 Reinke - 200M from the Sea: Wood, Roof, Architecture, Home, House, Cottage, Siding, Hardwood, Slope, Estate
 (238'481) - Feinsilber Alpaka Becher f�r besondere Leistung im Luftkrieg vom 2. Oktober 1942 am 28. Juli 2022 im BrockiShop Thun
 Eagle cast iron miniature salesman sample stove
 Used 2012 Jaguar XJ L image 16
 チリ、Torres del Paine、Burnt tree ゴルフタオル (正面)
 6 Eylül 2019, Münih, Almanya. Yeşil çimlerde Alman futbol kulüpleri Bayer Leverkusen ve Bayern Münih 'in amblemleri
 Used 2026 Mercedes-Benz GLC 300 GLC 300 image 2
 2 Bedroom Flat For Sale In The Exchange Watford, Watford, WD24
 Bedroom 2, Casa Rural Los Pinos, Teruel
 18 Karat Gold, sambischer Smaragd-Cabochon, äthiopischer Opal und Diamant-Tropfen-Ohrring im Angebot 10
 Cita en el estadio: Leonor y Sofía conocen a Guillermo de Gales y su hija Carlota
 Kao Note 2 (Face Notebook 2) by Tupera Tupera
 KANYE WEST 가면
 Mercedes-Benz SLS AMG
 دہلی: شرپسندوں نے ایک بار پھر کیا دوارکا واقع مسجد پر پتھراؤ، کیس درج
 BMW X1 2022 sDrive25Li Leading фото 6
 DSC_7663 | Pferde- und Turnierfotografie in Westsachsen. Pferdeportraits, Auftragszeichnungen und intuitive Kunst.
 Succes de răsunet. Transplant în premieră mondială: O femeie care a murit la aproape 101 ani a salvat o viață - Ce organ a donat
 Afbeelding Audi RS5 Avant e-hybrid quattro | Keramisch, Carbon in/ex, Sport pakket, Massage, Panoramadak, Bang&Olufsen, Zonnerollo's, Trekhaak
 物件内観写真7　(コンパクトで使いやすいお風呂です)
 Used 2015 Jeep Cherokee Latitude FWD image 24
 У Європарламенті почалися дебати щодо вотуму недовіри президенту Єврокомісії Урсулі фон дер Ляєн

▶ Assigned task
Give back, word for word, only the lines above from the line holding "2 Bedroom Flat" to the line holding "Mercedes-Benz SLS AMG", both included.

▶ Response to the exercise
 2 Bedroom Flat For Sale In The Exchange Watford, Watford, WD24
 Bedroom 2, Casa Rural Los Pinos, Teruel
 18 Karat Gold, sambischer Smaragd-Cabochon, äthiopischer Opal und Diamant-Tropfen-Ohrring im Angebot 10
 Cita en el estadio: Leonor y Sofía conocen a Guillermo de Gales y su hija Carlota
 Kao Note 2 (Face Notebook 2) by Tupera Tupera
 KANYE WEST 가면
 Mercedes-Benz SLS AMG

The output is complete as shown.